Directions for this task
Every line below from the one containing "Finsbury Circus im" through the one containing "10 dönümlük arpa tarlası, yangında kül oldu" must be transcribed exactly. Omit all lines outside that stretch.

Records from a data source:
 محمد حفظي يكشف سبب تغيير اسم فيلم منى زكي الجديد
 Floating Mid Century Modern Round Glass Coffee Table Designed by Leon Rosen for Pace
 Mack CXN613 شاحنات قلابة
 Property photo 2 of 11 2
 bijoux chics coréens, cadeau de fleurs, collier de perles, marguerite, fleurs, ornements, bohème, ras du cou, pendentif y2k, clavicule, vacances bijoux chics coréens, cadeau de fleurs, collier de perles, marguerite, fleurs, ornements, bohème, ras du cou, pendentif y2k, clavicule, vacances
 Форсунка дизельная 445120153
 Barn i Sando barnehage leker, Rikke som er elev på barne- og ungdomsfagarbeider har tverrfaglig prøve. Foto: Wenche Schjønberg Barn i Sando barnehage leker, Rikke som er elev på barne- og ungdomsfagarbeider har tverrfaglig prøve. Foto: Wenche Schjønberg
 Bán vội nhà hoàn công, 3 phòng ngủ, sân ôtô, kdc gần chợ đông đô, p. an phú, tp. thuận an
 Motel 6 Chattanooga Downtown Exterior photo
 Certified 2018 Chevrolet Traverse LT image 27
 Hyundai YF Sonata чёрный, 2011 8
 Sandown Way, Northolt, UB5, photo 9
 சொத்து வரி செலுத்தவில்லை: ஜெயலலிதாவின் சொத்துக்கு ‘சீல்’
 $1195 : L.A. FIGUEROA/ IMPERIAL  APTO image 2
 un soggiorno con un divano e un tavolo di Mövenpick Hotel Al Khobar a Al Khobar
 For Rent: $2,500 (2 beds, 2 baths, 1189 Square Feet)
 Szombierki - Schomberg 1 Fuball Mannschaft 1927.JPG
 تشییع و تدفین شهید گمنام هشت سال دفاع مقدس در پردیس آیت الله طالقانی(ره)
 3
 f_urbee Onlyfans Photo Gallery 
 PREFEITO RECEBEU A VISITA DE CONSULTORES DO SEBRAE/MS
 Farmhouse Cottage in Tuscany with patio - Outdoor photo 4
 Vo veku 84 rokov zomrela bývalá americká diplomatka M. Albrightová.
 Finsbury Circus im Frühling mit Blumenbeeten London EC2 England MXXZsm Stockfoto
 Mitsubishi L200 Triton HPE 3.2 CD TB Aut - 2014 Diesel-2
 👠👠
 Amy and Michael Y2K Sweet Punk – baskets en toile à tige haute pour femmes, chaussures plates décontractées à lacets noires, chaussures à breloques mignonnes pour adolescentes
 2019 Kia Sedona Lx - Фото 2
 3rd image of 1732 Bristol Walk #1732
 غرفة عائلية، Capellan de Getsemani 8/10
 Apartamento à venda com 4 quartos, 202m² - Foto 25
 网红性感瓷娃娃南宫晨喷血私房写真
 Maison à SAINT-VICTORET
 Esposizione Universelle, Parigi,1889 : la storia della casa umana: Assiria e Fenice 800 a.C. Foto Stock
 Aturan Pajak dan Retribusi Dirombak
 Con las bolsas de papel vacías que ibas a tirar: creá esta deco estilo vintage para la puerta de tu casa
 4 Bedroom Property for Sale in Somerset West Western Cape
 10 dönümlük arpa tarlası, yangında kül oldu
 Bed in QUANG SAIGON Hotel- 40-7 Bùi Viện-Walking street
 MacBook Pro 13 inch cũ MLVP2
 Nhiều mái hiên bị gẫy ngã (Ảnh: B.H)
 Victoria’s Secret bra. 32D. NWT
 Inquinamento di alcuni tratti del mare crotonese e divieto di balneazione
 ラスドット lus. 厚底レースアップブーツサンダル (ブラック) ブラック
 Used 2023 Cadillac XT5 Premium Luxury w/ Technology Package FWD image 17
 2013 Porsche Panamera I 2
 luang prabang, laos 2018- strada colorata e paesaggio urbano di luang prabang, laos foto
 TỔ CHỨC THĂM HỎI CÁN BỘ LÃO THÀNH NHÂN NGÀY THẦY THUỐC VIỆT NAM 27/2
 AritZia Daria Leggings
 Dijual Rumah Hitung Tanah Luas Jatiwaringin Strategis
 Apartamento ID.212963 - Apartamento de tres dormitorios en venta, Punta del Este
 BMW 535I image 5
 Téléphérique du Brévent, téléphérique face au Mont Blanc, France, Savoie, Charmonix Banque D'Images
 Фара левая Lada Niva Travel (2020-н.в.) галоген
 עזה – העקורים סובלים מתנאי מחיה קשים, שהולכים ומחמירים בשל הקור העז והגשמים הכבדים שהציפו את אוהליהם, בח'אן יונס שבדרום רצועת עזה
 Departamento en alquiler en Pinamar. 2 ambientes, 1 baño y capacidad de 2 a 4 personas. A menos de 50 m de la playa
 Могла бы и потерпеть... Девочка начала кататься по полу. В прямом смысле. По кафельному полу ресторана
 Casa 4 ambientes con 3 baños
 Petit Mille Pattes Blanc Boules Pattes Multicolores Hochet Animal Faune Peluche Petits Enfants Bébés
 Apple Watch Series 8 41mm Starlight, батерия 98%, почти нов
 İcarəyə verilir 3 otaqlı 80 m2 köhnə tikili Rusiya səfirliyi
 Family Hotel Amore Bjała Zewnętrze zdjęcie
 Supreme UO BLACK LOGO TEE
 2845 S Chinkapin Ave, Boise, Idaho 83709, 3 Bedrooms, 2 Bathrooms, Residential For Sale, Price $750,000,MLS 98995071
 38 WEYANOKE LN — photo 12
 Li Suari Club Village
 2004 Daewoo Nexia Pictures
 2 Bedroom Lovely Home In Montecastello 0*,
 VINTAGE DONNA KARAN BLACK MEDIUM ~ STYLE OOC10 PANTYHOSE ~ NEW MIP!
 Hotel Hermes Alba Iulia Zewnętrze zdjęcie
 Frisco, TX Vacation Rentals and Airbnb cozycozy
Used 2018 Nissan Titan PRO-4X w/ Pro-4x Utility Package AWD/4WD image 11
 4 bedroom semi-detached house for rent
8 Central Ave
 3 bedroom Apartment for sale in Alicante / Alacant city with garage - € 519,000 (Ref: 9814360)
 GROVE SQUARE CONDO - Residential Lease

Task output
 Finsbury Circus im Frühling mit Blumenbeeten London EC2 England MXXZsm Stockfoto
 Mitsubishi L200 Triton HPE 3.2 CD TB Aut - 2014 Diesel-2
 👠👠
 Amy and Michael Y2K Sweet Punk – baskets en toile à tige haute pour femmes, chaussures plates décontractées à lacets noires, chaussures à breloques mignonnes pour adolescentes
 2019 Kia Sedona Lx - Фото 2
 3rd image of 1732 Bristol Walk #1732
 غرفة عائلية، Capellan de Getsemani 8/10
 Apartamento à venda com 4 quartos, 202m² - Foto 25
 网红性感瓷娃娃南宫晨喷血私房写真
 Maison à SAINT-VICTORET
 Esposizione Universelle, Parigi,1889 : la storia della casa umana: Assiria e Fenice 800 a.C. Foto Stock
 Aturan Pajak dan Retribusi Dirombak
 Con las bolsas de papel vacías que ibas a tirar: creá esta deco estilo vintage para la puerta de tu casa
 4 Bedroom Property for Sale in Somerset West Western Cape
 10 dönümlük arpa tarlası, yangında kül oldu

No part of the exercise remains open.